My hobbies are less pressing. Today I bought a used paperback science fiction book for a dollar and fifty cents. Later this afternoon, I will most likely doodle in a notebook instead of writing my thousand words of the day. Perhaps I will eat lunch.

Comparatively, Holly went on a four hour bike ride. Maybe she ran for an additional hour. I’m not even sure anymore.

Like any good addict wife, she wants to bring me along. We’ve started swimming together once a week. I go at a languid halfspeed while Holly continually laps me using only her arms. I did buy a pair of jammers, though. Completing unflattering. However, I will say this for swimming: it may be the most private workout you can achieve. No one can watch you contemplate a choice between the ten and twenty-five pound barbell (I really think the gym has permanently lost the fifteen and twenty pounders). In the pool, it’s only you. And your wife, who is smoking you.

On Memorial Day, Holly participated in an open water swim. I’ve ran 5k’s, obstacle courses and even a disastrous half-marathon with her before. We had been swimming together for several weeks at this point. Thus, when she asked me to compete with her, I saw it as the shortest, most painless opportunity to join Holly in her hobby before the distances got overly complicated. Woe to him who thinks such thoughts.

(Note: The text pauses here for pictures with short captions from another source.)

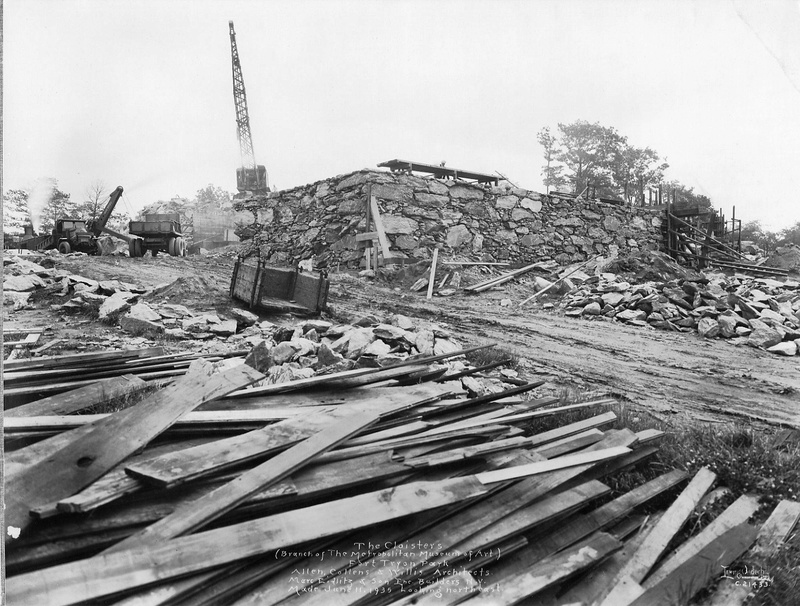 Construire des cloîtres médiévaux à New York 19350610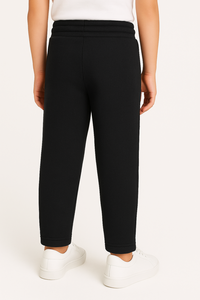 Pantalon de survêtement pour enfants – Tissu extensible doux et confortable avec taille réglable par cordon de serrage, coupe ajustée pour une liberté de mouvement facile - Product Image 2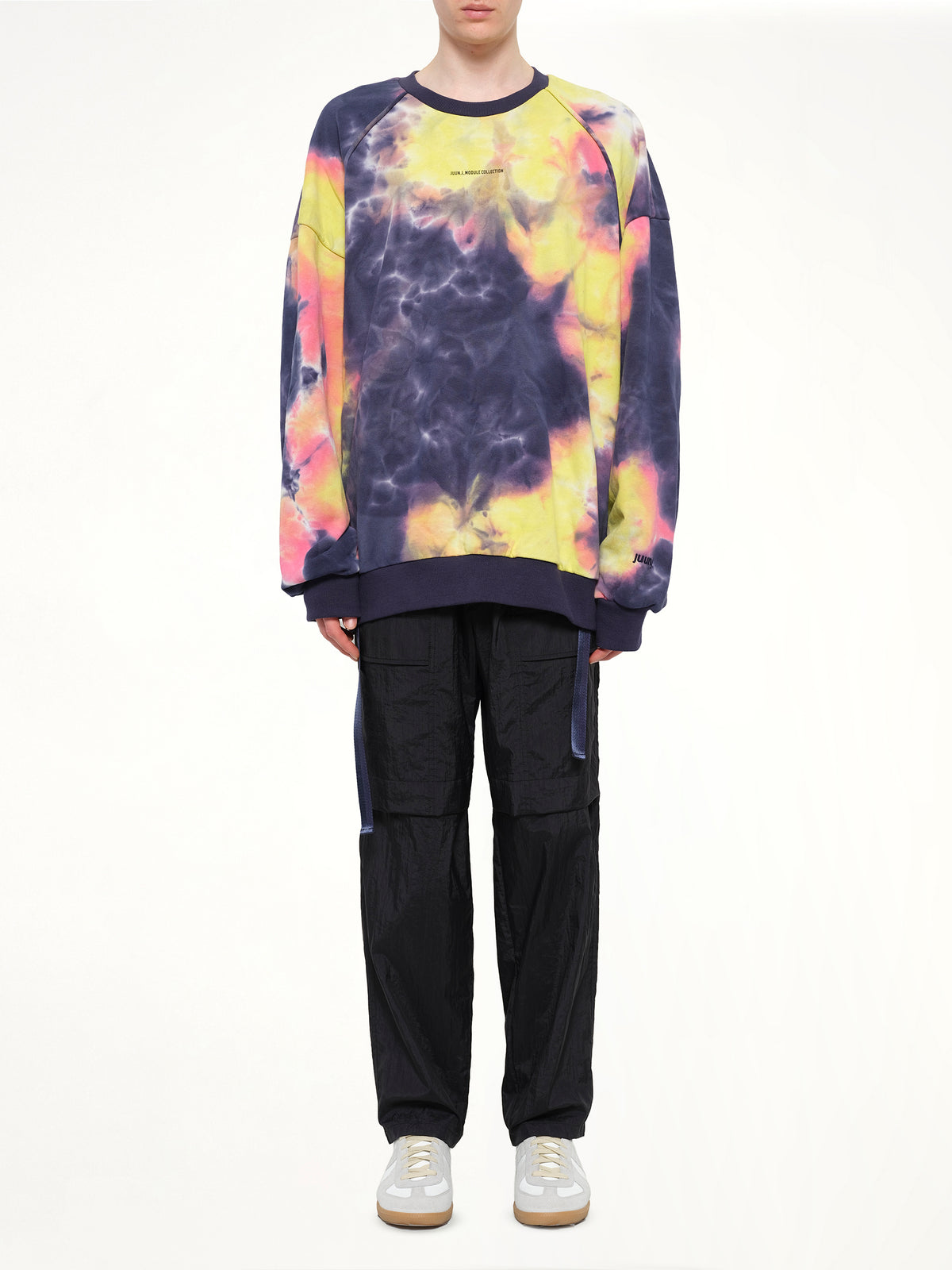 Tie Dye Sweatshirt in Violet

The swim was early that Monday morning at an under-used beach on our lake. There were perhaps one hundred participants, an even mix of high school swim teams, triathlon clubs, and Holly’s friends. A great, inflatable green gate had been erected at the water’s edge. Beyond that, four enormous buoys floated in a straight line, each 250 meters from the next. Holly would end up swimming to the furthest and back again, for 2000 meters. Some people that day did the same loop twice, for 4000. I swam halfway and turned around for a complete kilometer.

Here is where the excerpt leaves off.